1/9 シウタデージャ/ Ciutadella

ガウディはフォンセレと数年間にわたりこの仕事をともにしているが、フォンセレは1871年に市の主催のコンペで得た、当時の市内のビッグ・プロジェクトであるシウタデーリャ公園計画の建設に着手していた。この公園建設というか要塞を撤去してその代わりパブリックスペースを建設するというのはカタルーニャ人にとっては歴史的な中央政府への従属に対する開放を意味する一大事業であった、しかし、ガウディをシウタデーリャ公園建設へ走らせたのは他にも理由があったようである。
この要塞の起源は、はるかスペイン継承戦争(1701〜1713年)にさかのぼらねばならない。カルロス2世(1661〜1700年、在位1665〜1700年)の没後起きたハプスブルグ家とボルボン家との継承戦争であり、ボルボン家のフェリッペ5世(1683〜1746年、在位1700〜1724年)が勝つのだが、ヨーロッパ的にはハプスブルグかボルボンかということなのだが、カタルーニャアラゴンはハプスブルグ系であり、中央カスティージャがボルボン系であり、この争いでもあったのだ。このためにカタルーニャではレジスタンスは戦後の1714年9月11日の攻落まで続き、マジョルカ島では更に1年も続いたのであった。中央政府はこのカタルーニャの反乱を防ぐために市域に隣接するこの場所に要塞を作り武力でカタルーニャに圧力をかけようとしたのであった。カタルーニャでは現在もこの9月11日は祭日になっている。戦勝記念日が祭日ではなく、中央政府に対し没落した日、屈辱の日である。
このために要塞の建設は戦後間もなくの1716〜1718年に行われた。設計者はフランドル出身の軍事建築家Joris Prosper Van Verboom (1667〜1744年、スペイン語名ホルヘ・プロスペロ・デ・ベルボーン)で、ヴォーヴァンが考案した星形プランで、規模としては当時ヨーロッパでも有数の要塞であった。

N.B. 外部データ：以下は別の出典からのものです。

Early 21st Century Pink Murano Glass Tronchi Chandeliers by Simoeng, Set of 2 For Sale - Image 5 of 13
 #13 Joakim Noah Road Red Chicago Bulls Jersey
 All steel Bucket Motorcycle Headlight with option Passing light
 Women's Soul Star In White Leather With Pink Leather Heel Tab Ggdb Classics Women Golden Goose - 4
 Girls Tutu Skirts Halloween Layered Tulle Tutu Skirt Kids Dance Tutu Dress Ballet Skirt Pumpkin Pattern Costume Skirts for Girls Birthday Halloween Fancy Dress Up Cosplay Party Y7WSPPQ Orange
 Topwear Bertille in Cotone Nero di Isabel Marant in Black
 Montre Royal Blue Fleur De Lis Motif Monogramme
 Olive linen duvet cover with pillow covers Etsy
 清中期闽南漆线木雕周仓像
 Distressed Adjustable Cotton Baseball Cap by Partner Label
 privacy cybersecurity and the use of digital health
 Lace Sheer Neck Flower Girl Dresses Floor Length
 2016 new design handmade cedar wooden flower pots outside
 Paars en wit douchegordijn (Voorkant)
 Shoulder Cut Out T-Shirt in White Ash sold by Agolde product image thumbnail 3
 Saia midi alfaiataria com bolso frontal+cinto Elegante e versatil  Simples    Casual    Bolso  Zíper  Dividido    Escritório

ヴァン・ヴェルブーンは父の時代からスペイン帝国に従事した軍事エンジニアで、ヴォーバンとも親交があり、スペイン領であった現在のベルギーのナミュール(旧スペイン領ネーデルランド、ハプスブルグ家の支配下にあった)の要塞化に協働している。
このカタルーニャとしては屈辱の要塞が非武装化され、緑地がなかったバルセロナにとっては重要な出来事であったが、歴史的、政治的にはそれ以上重要なことであった。市民に開放されるまでにはこれまた、何度かの屈折があった。1841年には軍部が撤去命令を発したが、2年後には再びボルボン家から修復の勅令がでた。最後にレウス出身の当時の軍の最高責任者であったプリムがこの要塞を市に寄付するという形で決着がついた。1868年の革命でこれは現実のものとなり、要塞および軍事施設の一部は取り壊された。現在も当時の建物で残っているのは、チャペル(現在は軍の教区教会)、総督館(現在、中学校)、兵器倉庫(現在、カタルーニャ議事堂)などである。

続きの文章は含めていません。